# Thread: mathematical induction

1. ## mathematical induction

Determine, with proof, for what natural numbers
n the inequality

n
! =<(n + 1)2^n

is satisfied.

It is true for 1=< n<=5, but Iam not able to prove it through procedure of mathematical induction.

Will anybody give me hint.

2. So it's false for n=6. If it's false for n, can you prove that it's false for n+1? In other words, given n! > (n+1)2^n, can you prove (n+1)! > (n+2)2^(n+1)?

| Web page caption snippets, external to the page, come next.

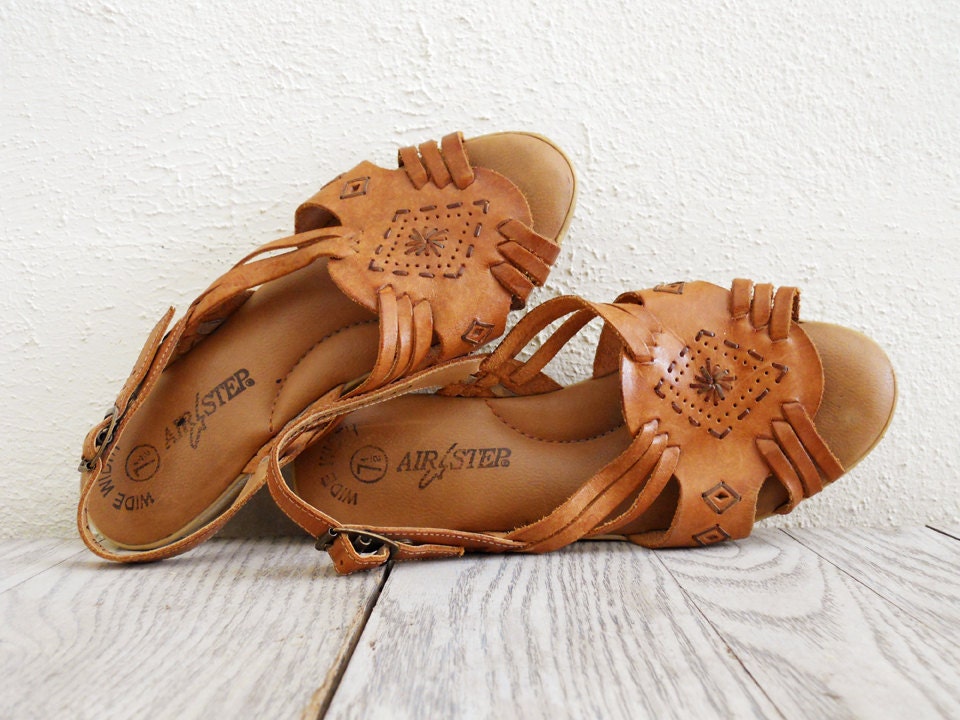 Vintage Tribal Pattern Sandals in Caramel Brown Leather  - size 7 1/2 Wide Width - NellieFellow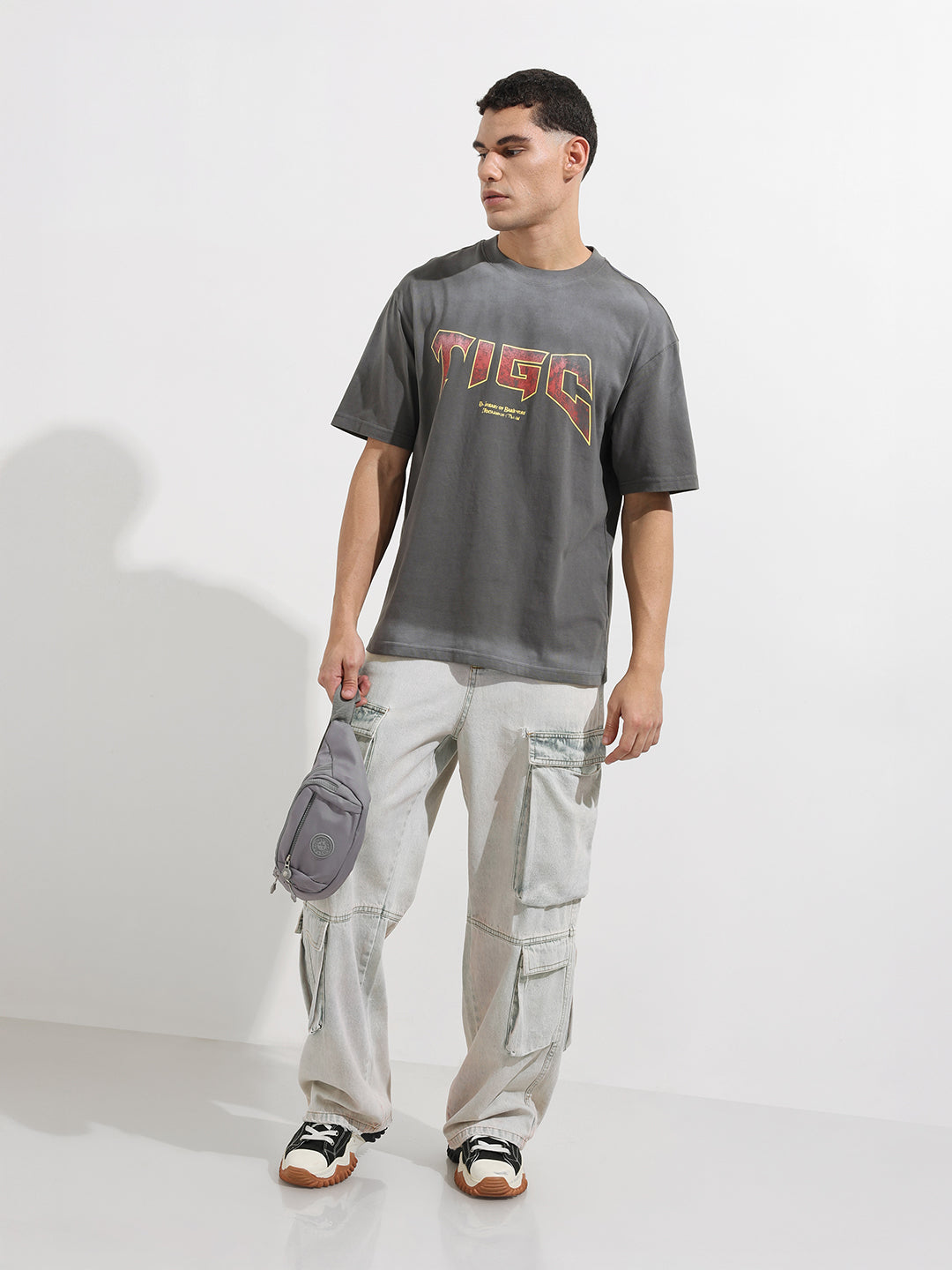 Men's Grey Relaxed Fit Graphic Street Wear T-Shirt
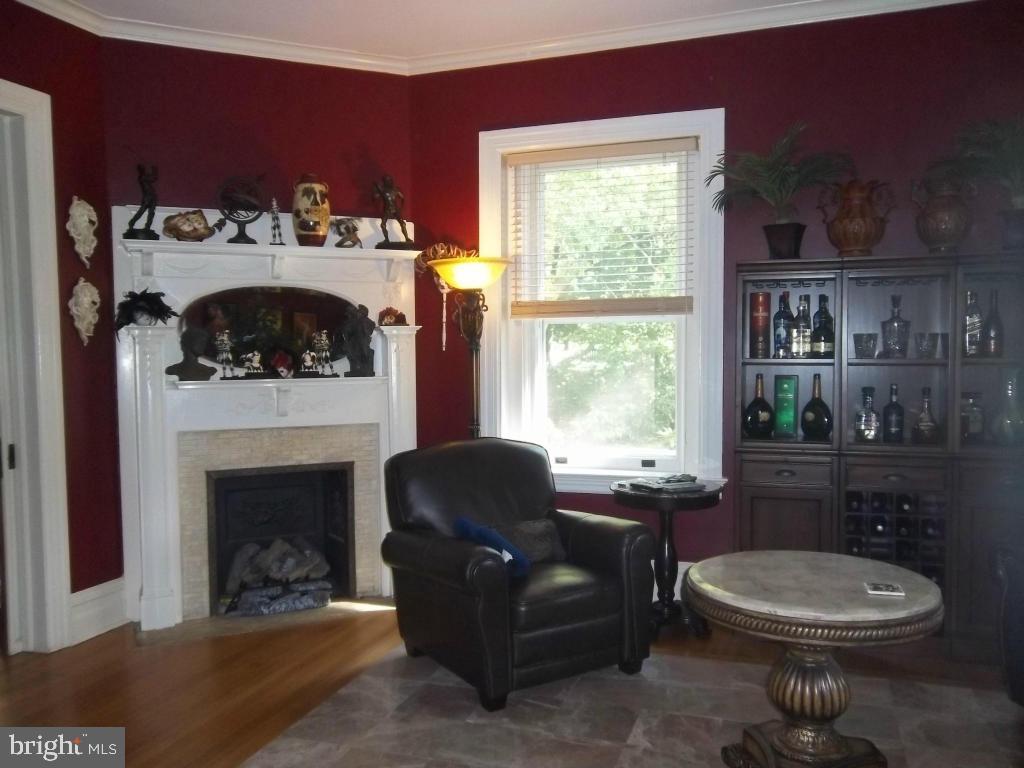 SCHOOL LANE HILLS - Residential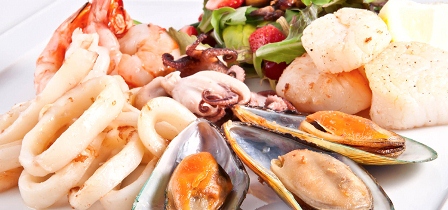 Recomiendan evitar comer productos del mar a consecuencia de marea roja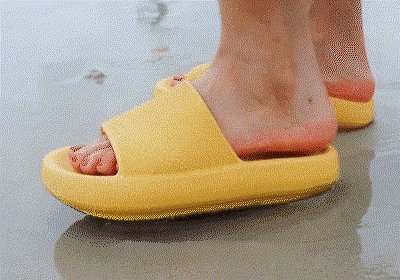 Women Thick Platform Cloud Slippers Indoor Home Eva Soft Sole Pillow Slides Sandals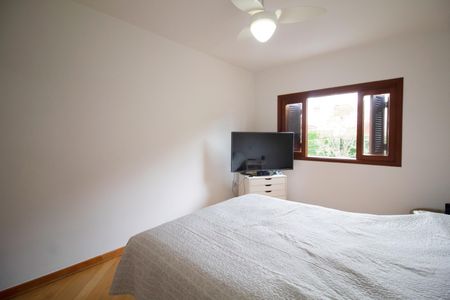 Casa para alugar com 340m², 4 quartos e 4 vagas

As a hint, since you have:
n^2 > 3
n^2+1 > 4
n^2+2n+1 > 2n+4
(n+1)^2 > 2(n+2)

So, by induction, it's false for all n>5. And you have the result for 1 <= n <= 5, so that accounts for all the natural numbers.

Post again in this thread if you're still having trouble.

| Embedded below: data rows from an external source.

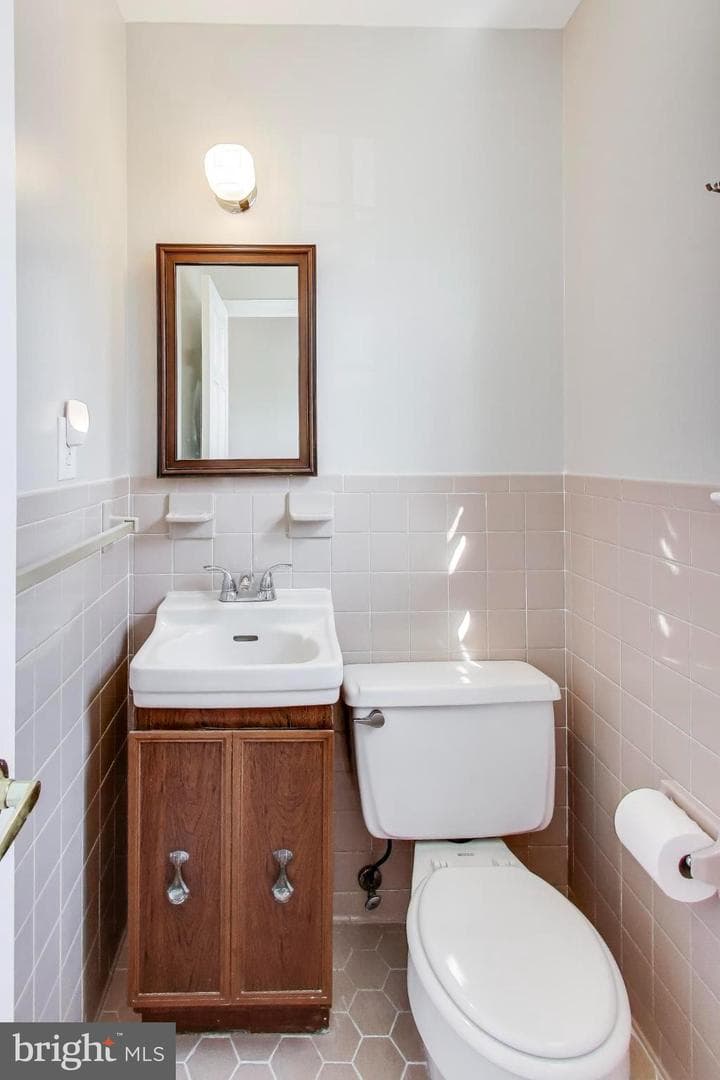 5899 2nd Street S photo 17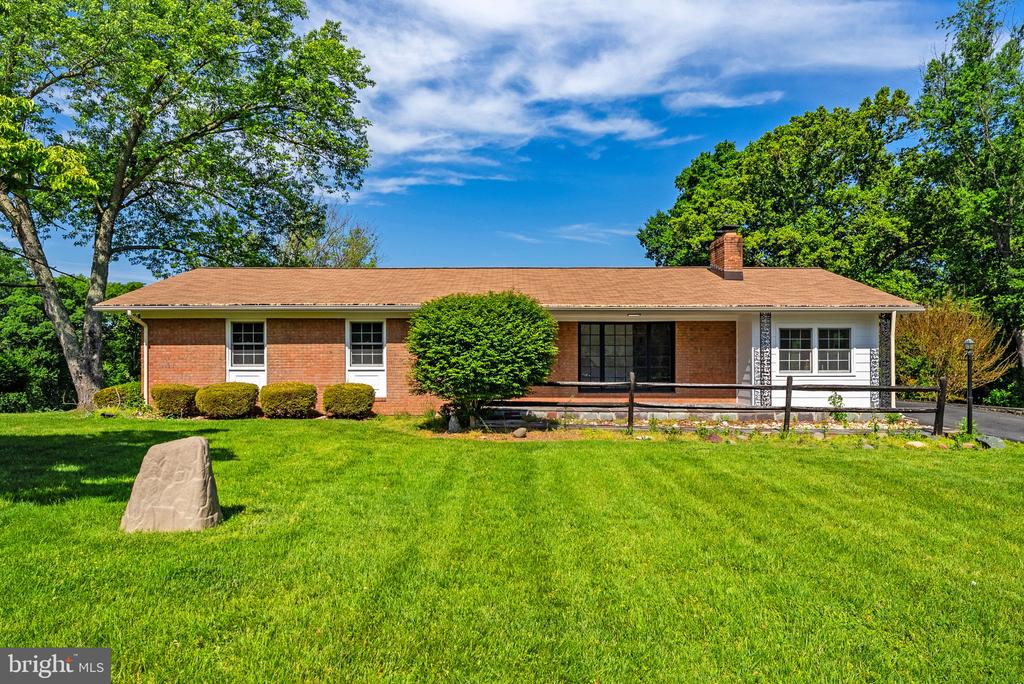 Debbie Meighan, Realtor. in Middleburg, VA (2)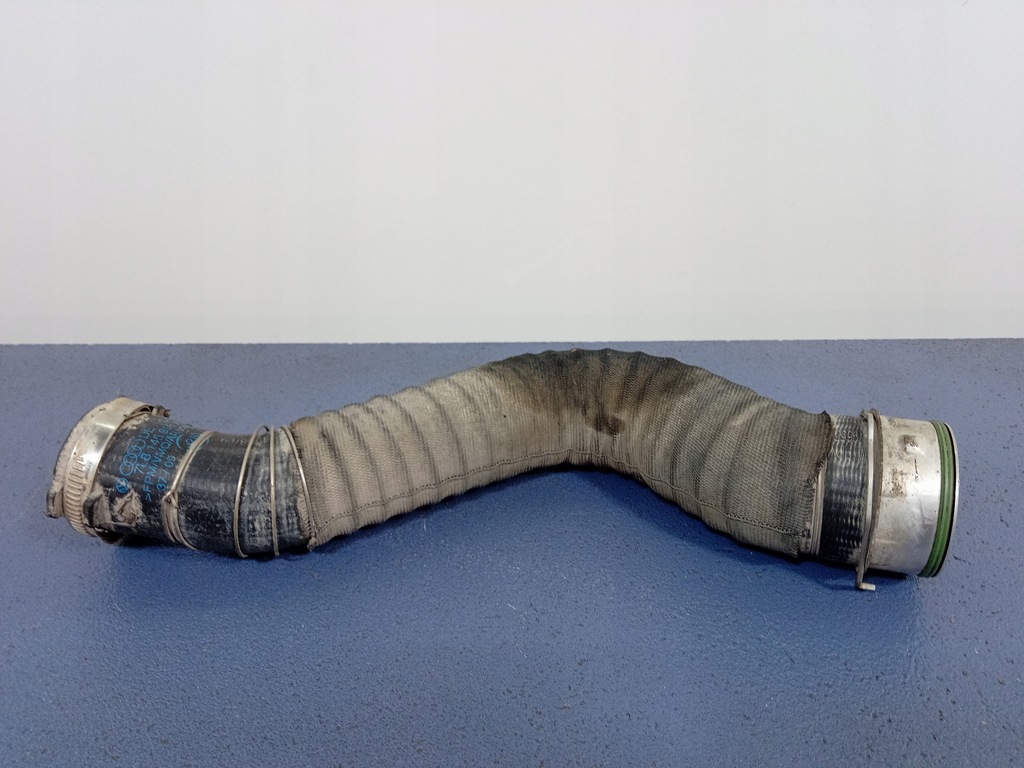 фото №1, Audi q7 4l 4.2 tdi шланг інтеркулер 7l8145968a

3. Originally Posted by baz

Determine, with proof, for what natural numbers
n the inequality

n
! =<(n + 1)2^n

is satisfied.

It is true for 1=< n<=5, but Iam not able to prove it through procedure of mathematical induction.

Will anybody give me hint.
You can instead prove for $n\ \ge\ 6$

$n!\ \ge\ (n+1)2^n$

Try to prove that this causes

$(n+1)!\ \ge\ (n+2)2^{n+1}$

P(k)

$k!\ \ge\ (k+1)2^k$

P(k+1)

$(k+1)!\ \ge\ (k+2)2^{k+1}$

Obtain the P(k+1) statement in terms of P(k)

$(k+1)!=(k+1)k!$

$2^{k+1}=(2)2^k$

$(k+1)k!\ \ge\ 2(k+2)2^k$ ?

Now all you need show is that if

$(k+1)k!\ \ge\ (k+1)(k+1)2^k$

then

$(k+1)k!\ \ge\ 2(k+2)2^k$ for $k\ \ge\ 6$

so you need show

$(k+1)^2\ \ge 2(k+2)$ for $k\ \ge\ 6$

This proves that your original inequality does not hold for any n above 5.

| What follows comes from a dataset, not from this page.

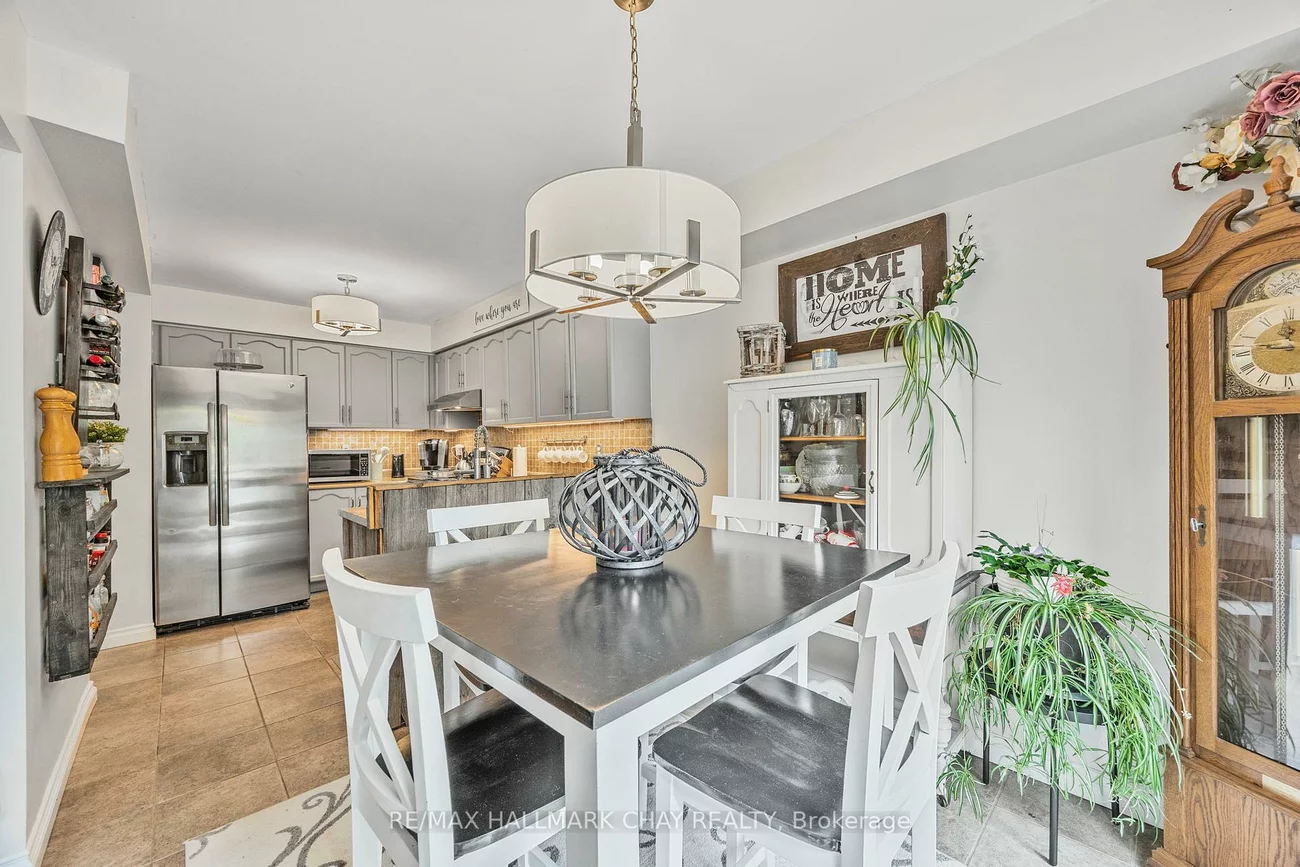 44, Pickett, Innis-Shore, Barrie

4. Even though you are only dealing with a few values of n,
you can complete the proof for your original inequality starting with n=5,
by proving that the inequality must be true for the next n down,
given that n is natural.

P(k)

$k!\ \le\ (k+1)2^k$ ?

P(k-1)

$(k-1)!\ \le\ k2^{k-1}$ ?

Express this as much as possible using P(k).

$(k)(k-1)!\ \le\ (k)k2^{k-1}$

$k!\ \le\ \frac{k^2}{2}2^k$

If $k!\ \le\ (k+1)2^k$ then $k!\ \le\ \frac{k^2}{2}2^k$ if $\frac{k^2}{2}\ \ge\ (k+1)$

Hence

$k^2\ \ge\ 2k+2$ ?

$k^2-2k-2\ \ge\ 0$ ?

The graph of this quadratic is U-shaped and the roots are complex,
hence it is entirely above the x-axis

$\Rightarrow\ k^2-2k-2\ >0$

Therefore, if $n!\ \le\ (n+1)2^n$ for some n=k, it is true for all n<k, for n natural.